Data to use
#####

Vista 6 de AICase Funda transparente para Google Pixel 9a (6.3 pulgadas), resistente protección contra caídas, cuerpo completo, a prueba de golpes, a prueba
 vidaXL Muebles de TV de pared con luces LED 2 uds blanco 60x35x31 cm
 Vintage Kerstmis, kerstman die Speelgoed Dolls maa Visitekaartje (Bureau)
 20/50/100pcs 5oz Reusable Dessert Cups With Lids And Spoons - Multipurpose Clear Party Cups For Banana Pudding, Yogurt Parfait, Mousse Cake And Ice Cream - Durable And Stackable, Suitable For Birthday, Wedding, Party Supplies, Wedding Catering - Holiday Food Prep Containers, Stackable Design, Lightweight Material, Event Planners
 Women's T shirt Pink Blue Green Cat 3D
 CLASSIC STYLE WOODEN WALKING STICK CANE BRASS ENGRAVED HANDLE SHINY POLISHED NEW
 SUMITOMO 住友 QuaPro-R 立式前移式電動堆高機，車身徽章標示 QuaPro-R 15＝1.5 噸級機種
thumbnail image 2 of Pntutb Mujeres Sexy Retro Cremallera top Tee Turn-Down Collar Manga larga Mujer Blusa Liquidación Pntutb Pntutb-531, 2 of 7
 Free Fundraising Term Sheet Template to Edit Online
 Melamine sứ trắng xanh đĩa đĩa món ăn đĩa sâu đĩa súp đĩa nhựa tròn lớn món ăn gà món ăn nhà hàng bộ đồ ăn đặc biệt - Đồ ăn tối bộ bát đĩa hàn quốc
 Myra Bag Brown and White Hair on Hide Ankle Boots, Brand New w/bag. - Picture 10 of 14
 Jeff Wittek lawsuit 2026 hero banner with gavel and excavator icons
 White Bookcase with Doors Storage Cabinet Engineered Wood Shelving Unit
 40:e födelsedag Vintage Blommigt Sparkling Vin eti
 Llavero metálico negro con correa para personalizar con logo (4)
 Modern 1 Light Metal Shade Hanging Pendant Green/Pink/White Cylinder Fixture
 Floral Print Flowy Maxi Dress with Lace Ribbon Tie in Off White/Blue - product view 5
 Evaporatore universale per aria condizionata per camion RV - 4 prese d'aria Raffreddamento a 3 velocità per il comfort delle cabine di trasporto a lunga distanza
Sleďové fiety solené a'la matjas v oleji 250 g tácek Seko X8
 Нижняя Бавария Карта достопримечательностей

#####

What to produce
The response should be the listing above, limited to the lines between the one holding "Vintage Kerstmis, kerstman" and the one holding "Melamine sứ trắng", inclusive, reproduced exactly.

Written solution
 Vintage Kerstmis, kerstman die Speelgoed Dolls maa Visitekaartje (Bureau)
 20/50/100pcs 5oz Reusable Dessert Cups With Lids And Spoons - Multipurpose Clear Party Cups For Banana Pudding, Yogurt Parfait, Mousse Cake And Ice Cream - Durable And Stackable, Suitable For Birthday, Wedding, Party Supplies, Wedding Catering - Holiday Food Prep Containers, Stackable Design, Lightweight Material, Event Planners
 Women's T shirt Pink Blue Green Cat 3D
 CLASSIC STYLE WOODEN WALKING STICK CANE BRASS ENGRAVED HANDLE SHINY POLISHED NEW
 SUMITOMO 住友 QuaPro-R 立式前移式電動堆高機，車身徽章標示 QuaPro-R 15＝1.5 噸級機種
thumbnail image 2 of Pntutb Mujeres Sexy Retro Cremallera top Tee Turn-Down Collar Manga larga Mujer Blusa Liquidación Pntutb Pntutb-531, 2 of 7
 Free Fundraising Term Sheet Template to Edit Online
 Melamine sứ trắng xanh đĩa đĩa món ăn đĩa sâu đĩa súp đĩa nhựa tròn lớn món ăn gà món ăn nhà hàng bộ đồ ăn đặc biệt - Đồ ăn tối bộ bát đĩa hàn quốc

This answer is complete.